At a subsequent workshop session the board directed staff and regional planners from Southeast Regional Planning to use the Lee County wind, solar and battery-storage ordinance — adopted earlier in May — as a working template. A regional planner said Lee County’s ordinance incorporates a multi-step permitting process that provides early public notice and gives developers preliminary certainty about whether their materials meet basic requirements before major investments are made.
Board discussion at the workshop covered technical and financial safeguards the county wants to add or retain, including: decommissioning surety and bonding, liability insurance and premium coverage, emergency-response plans, debris cleanup on adjoining properties, coordination with crop-dusting operators, setbacks, shadow-flicker and noise limits, and road-use agreements for installation and decommissioning.

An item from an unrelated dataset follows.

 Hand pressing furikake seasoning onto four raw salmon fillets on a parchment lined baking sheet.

Supervisors and staff described how decommissioning bonding is intended to be structured under current drafts: an engineer paid for by the developer prepares an estimate to cover full removal and site restoration (including removal of concrete foundations), and developers must post a multi-year surety before construction. The board discussed changing the previously used 3x multiplier on estimated decommissioning costs to a lower multiplier (ideas discussed ranged from 1.25x to 1.5x) while preserving contingency language for unforeseen expenses. Staff described a rolling mechanism by which the bond is re-evaluated and renewed every three years; if a developer fails to replace an expiring bond, the county may declare default and require decommissioning at the developer’s expense.
Insurance provisions were also discussed in general terms: supervisors asked that liability coverage explicitly include property damage, bodily injury and death, that per-occurrence limits be specified, and that an umbrella policy be required above base liability limits. The county’s legal advisor warned against issuing a preliminary “conditional” permit that might create a perceived property interest for a developer; several supervisors said they preferred a single permit granted only after full review.
The board scheduled a follow-up workstation for July 1 to review draft ordinance language adapted from Lee County and to address items supervisors identified for tighter controls. Public comment at the June 17 meeting included Rose Fisher, who thanked the board for adopting the moratorium.
While the moratorium halts new CWES permit approvals for three months, supervisors emphasized that the intent is to complete a focused revision to Ordinance No. 62 and return the matter to formal public notice and hearing when a complete draft is ready.